_Dataset content_
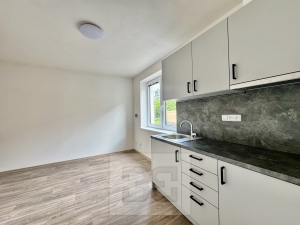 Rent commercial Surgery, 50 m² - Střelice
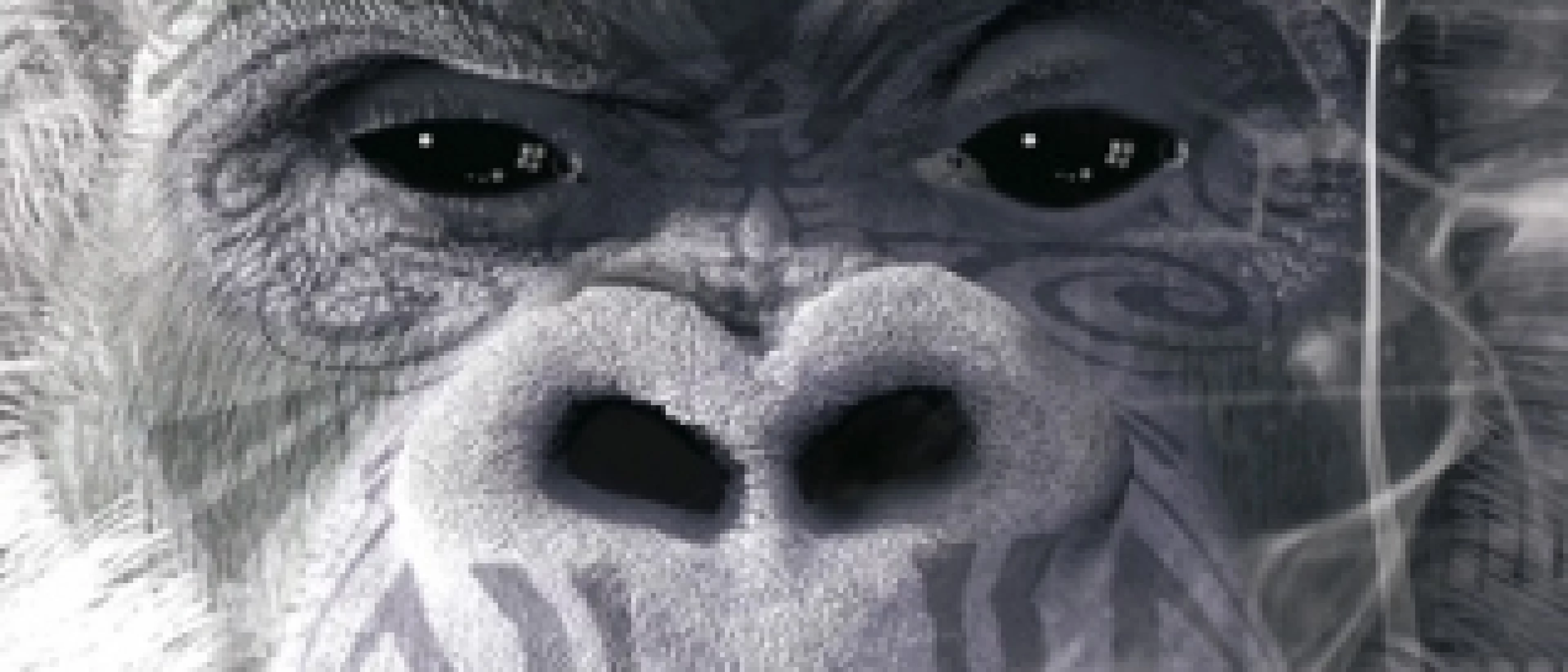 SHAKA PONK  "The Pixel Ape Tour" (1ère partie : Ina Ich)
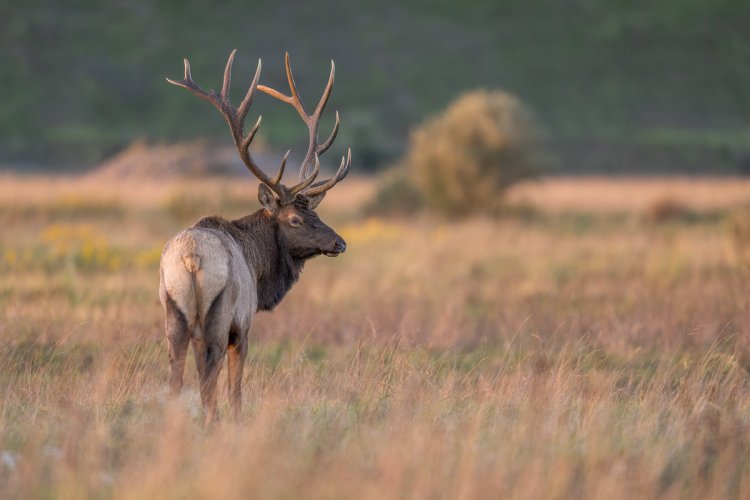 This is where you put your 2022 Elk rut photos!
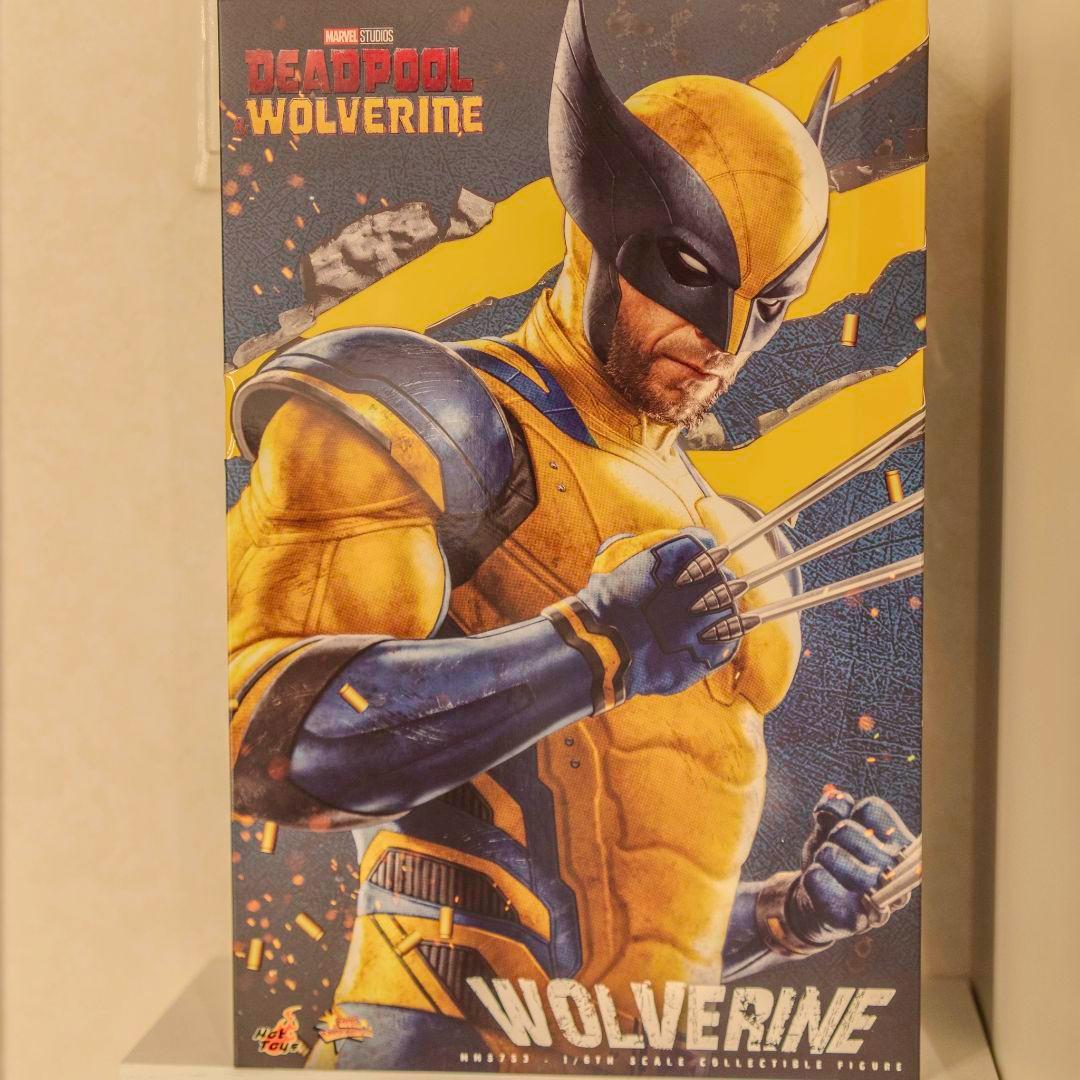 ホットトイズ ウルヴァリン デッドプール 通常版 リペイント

_Requirement_
Exclude the pictures and print the rest of the data exactly.

_Result below_
 Rent commercial Surgery, 50 m² - Střelice
 SHAKA PONK  "The Pixel Ape Tour" (1ère partie : Ina Ich)
 This is where you put your 2022 Elk rut photos!
 ホットトイズ ウルヴァリン デッドプール 通常版 リペイント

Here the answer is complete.